We can see that for some entries that the frequencies are pretty close!

In [None]:
print(new_train_data.sort('integer', ascending=1).head(10))

In [None]:
from sklearn.feature_extraction.text import TfidfTransformer
transformer = TfidfTransformer()
tfidf = transformer.fit_transform(new_train_data[['integer', 'counts']].values, y=new_train_data[['type']].values)
tfidf.toarray()

In [None]:
from sklearn.linear_model import SGDClassifier
clf = SGDClassifier( penalty='l2', alpha=1e-3, n_iter=5, random_state=42)
Y = new_train_data[['type']].values
clf.fit(tfidf, Y.ravel())
tfidf.toarray()

##Check accuracy
To see if this is a good method for classification, we now need to create a confusion matrix of the predicted lables vs the actual labels.
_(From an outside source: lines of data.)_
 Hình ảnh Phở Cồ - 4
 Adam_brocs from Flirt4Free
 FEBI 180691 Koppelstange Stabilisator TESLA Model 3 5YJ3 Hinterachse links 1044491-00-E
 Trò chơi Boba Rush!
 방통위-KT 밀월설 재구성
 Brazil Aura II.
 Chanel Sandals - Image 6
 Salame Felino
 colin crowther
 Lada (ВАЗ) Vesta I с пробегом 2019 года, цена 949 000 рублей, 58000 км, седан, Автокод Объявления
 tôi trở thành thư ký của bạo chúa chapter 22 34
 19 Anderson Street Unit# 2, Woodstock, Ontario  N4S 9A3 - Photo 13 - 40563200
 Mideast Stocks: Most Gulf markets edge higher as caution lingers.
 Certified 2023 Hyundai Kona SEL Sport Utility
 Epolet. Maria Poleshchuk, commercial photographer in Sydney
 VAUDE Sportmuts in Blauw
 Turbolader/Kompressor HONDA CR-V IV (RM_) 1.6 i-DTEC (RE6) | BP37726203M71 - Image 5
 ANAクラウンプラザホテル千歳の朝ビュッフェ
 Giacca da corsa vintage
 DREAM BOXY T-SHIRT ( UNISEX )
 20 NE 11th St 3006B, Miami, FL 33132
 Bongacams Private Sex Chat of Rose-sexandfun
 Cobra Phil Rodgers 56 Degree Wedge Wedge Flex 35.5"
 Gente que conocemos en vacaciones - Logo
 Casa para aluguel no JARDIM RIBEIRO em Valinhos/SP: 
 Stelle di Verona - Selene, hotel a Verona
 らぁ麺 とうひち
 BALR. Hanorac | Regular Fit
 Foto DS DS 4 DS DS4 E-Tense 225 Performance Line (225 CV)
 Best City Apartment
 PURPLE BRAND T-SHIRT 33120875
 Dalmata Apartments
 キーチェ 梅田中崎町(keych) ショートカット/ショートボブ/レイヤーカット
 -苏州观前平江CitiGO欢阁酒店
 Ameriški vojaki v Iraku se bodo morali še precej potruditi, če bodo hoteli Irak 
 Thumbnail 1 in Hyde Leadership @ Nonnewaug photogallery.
To do this with the method we have chosen, we simply sum the predicted labels. If the sum is less than 0 than we classify it as a negative review and if is postive then we classify it as a positive review. I've taken all the steps above and codensed them into vectorize.py to make the transformation of text to matrix more readable.

In [None]:
from vectorizer import vectorizer
import glob
files_dir = ["/Users/cody/Downloads/aclImdb/train/pos/*.txt", "/Users/cody/Downloads/aclImdb/train/neg/*.txt"]            
path_to_mapper = "/Users/cody/Repos/SentimentAnalysis/build/bin/mapper"      
path_to_reducer = "/Users/cody/Repos/SentimentAnalysis/build/bin/reducer.py" 
path_to_vocab = "/Users/cody/Repos/SentimentAnalysis/files/stemmed_vocab.txt"

predicted_y = []
actual_y = []
for types in files_dir:
    iterations = 0
    for file_name in glob.iglob(types): 
        if iterations < 20: 
            test = vectorizer(file_name, path_to_mapper, path_to_reducer, path_to_vocab)
            a = clf.predict(test[0])
            if a.sum() > 0: 
                predicted_y.append(1)
            else: 
                predicted_y.append(-1); 

            if test[1].sum() > 0: 
                actual_y.append(1)
            else: 
                actual_y.append(-1)
        else: 
            break
        iterations = iterations + 1

## Get confusion matrix

In [None]:
from sklearn.metrics import confusion_matrix
import matplotlib.pyplot as plt
cm = confusion_matrix(actual_y, predicted_y)
%matplotlib inline
print(cm)
plt.matshow(cm)
plt.title('Confusion matrix')
plt.colorbar()
plt.ylabel('True label')
plt.xlabel('Predicted label')
plt.show()

## Results
We can see from the above plot that we are not doing a very good job of classifying. Something is not working very well.